# I Need A Recipe...



## Narcolepsy (19/3/03)

I'm a bit of a homebrew n00b. Okay, a lot. All of the recipes are good and all, but what can I do to a normal brew kit to change it that is both simple and cheap?

I've done one cooper's ale kit (still drinking it, tasty even using the instructions on the can) and one Bi-Lo Lager kit (mum asked me to make it for her, the ladyacross the road makes the stuff).

I've got another Cooper's Ale kit thingy sitting here, and I want to know what I can do to it to make it better. I only have the one fermenter, btw. The most useful thing I've been told so far is using malt instead of dextrose. Any suggestions on simple recipes???


----------



## kook (19/3/03)

Narcolepsy said:


> I'm a bit of a homebrew n00b. Okay, a lot. All of the recipes are good and all, but what can I do to a normal brew kit to change it that is both simple and cheap?
> 
> I've done one cooper's ale kit (still drinking it, tasty even using the instructions on the can) and one Bi-Lo Lager kit (mum asked me to make it for her, the ladyacross the road makes the stuff).
> 
> I've got another Cooper's Ale kit thingy sitting here, and I want to know what I can do to it to make it better. I only have the one fermenter, btw. The most useful thing I've been told so far is using malt instead of dextrose. Any suggestions on simple recipes???


 If you want a simple, easy to make kit based brew try this:

"caledonian brown ale"

Coopers draught
500g-1kg of light malt extract
500g of dark malt extract
20g of fuggles or goldings hops

Boil the malt extract (dried is easier to handle) in 3-4 litres of water. Make sure you add the malt while its off the heat, and stirring well so that none sticks to the bottom and burns. Return it to the heat, add the goldings or fuggles and boil it for 15-20 minutes. Use that mixture (strained) instead of your 3-4litres of boiling water and kilogram of dextrose.

Damn easy and damn tasty


----------



## Narcolepsy (19/3/03)

So the same will work for my cooper's real ale kit? If so, what do I ask for at the homebrew store? I have my apprehensions about walking in and asking for some 'fuggles' :blink: 

Other than that, I may just have to give this a go...


----------



## kook (19/3/03)

Narcolepsy said:


> So the same will work for my cooper's real ale kit? If so, what do I ask for at the homebrew store? I have my apprehensions about walking in and asking for some 'fuggles' :blink:
> 
> Other than that, I may just have to give this a go...


 I dont see why it wouldnt go fine with the real ale. Will be a little darker in colour and a little richer thats all.

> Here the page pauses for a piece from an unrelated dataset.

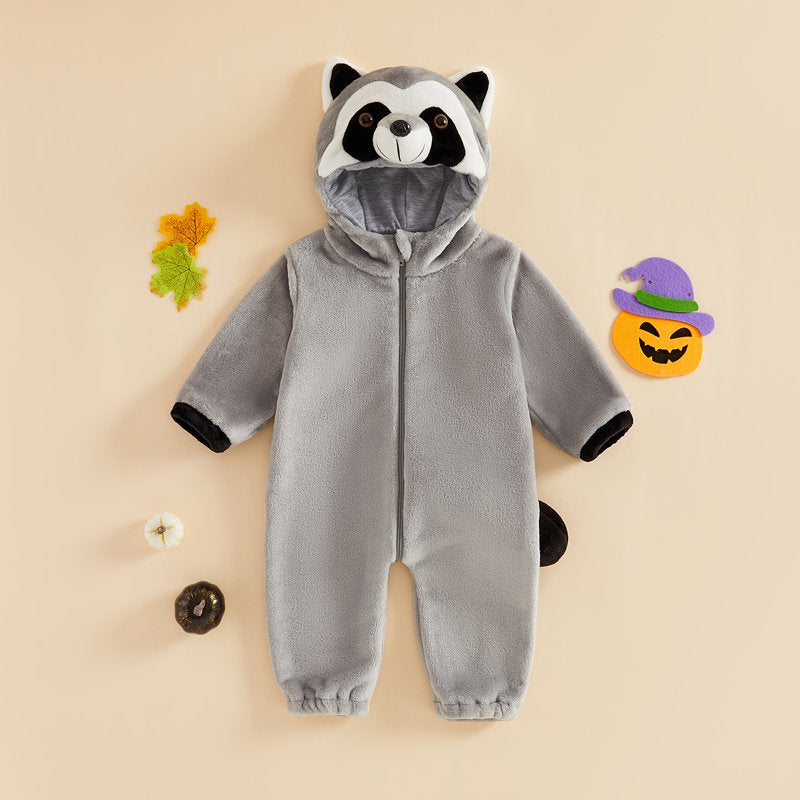 Toddler Baby Raccoon Halloween Costume Jumpsuit - Gray, 6-12 Months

If you walk into a brew shop asking for :

500g dried dark malt extract
500g dried light malt extract
20g of fuggles or goldings hop pellets

They damn well better know what you're talkin about


----------



## Narcolepsy (19/3/03)

kook said:


> I dont see why it wouldnt go fine with the real ale. Will be a little darker in colour and a little richer thats all.
> 
> If you walk into a brew shop asking for :
> 
> ...


 Well, I don't mind about the colour, and I definately like beers with plenty of flavour. Might go to the homebrew shop on saturday, and the tip on sunday, grab another two dozen bottles.

Thanks heaps, I'm all excited now  

PS. What can I expect to pay for this? I've not bought anything from the homebrew shop before (well, an airlock, that's it)...


----------



## kook (19/3/03)

I'd expect ~ $8-10 for a kilo of dried malt.

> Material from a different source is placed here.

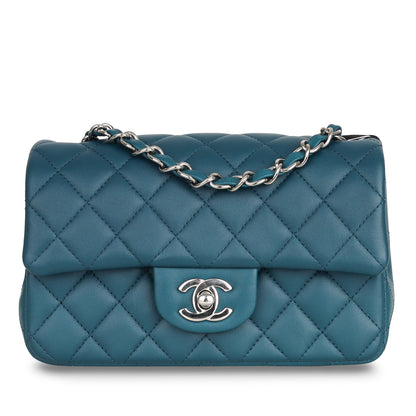 Chanel Classic Flap Lambskin Silver Shoulder Bag Style 26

If they dont sell it in 500G amounts, just get a 1KG of light and dont bother with the dark. 

As for the hops, 25g for around $3, 100g for $7-9..


----------



## Narcolepsy (19/3/03)

If I use 500g of dark malt and say 1kg of light malt, what will it change? And if I can only buy in 1kg amounts, I'll buy both. Chances are I'll have a use for them again, and it'll save making another trip 

PS. Sorry about all of the questions, this is all still fascinating stuff for me...


----------



## kook (19/3/03)

The more malt you add, the more body, flavour and alcohol your beer will have.

Light malt will increase the colour of your beer slightly, dark will increase the colour a lot


----------



## RegBadgery (20/3/03)

Couple of useful kit improvement articles on the craftbrewing website - under "materials and methods"

http://craftbrewer.org/

Grumpys in S. Aust. sell various of categories of kits - combinations of extract, hops, grain.

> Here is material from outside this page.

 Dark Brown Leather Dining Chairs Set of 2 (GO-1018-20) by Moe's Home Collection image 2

http://www.grumpys.com.au/phpshop/index.php3

cheers
reg


----------



## Snow (20/3/03)

Narcolepsy,

Try http://www.members.optusnet.com.au/~bjaus/
and http://www.geocities.com/lesjudith/

These two websites have great, simple recipes for everyday kit beer, with good beginners instructions. I started out with these and then graduated to www.howtobrew.com and never looked back! 

Cheers - Snow.


----------



## Narcolepsy (20/3/03)

Thanks heaps guys. I've got a whole heap of reading to do now. Whatever recipe I decide on is going into the fermenter on Sunday, so I'll be drinking it in a month's time


----------



## Narcolepsy (29/3/03)

Just put down the ever-postponed brew. My whole house smells like hot malt. It rocks    

I'm waiting for the friggin' wort to cool, and meanwhile my yeast starter has gone absolutely psycho. It'd better cool down soon. I'll tell you all in a week's time if it comes out of the fermenter as a dud. If not, it's a very, very, very long three weeks to wait :|

Cheers guys...


----------



## Snow (31/3/03)

So which recipe did you end up going with?

- Snow


----------



## Narcolepsy (31/3/03)

The recipe with 500g light malt, 500g dark malt, Fuggles hops. I tried a stout across the road last night, you could really taste the hops, and I quite liked it. Can't wait for this one to be ready...


----------



## Snow (31/3/03)

Sounds like a winner. I notice you're in Brissie. Which brewshop do you use? Being in the Western Suburbs, I use Western Suburbs Homebrew on Moggill Rd. It's well stocked, and Mal, the owner gives pretty good no-nonsense advice.


----------



## Narcolepsy (31/3/03)

I live pretty far south, between marsden and woodridge :unsure: 

I go to the bilo down the road for some stuff, but the homebrew shop I go to is in slack's creek, or near that area. The guy is a little odd to talk to first up, but he's helpful...


----------



## Indy (10/4/03)

i was just looking around and saw coopers sparkling ale clone but i think this might be a bit too advanced for me...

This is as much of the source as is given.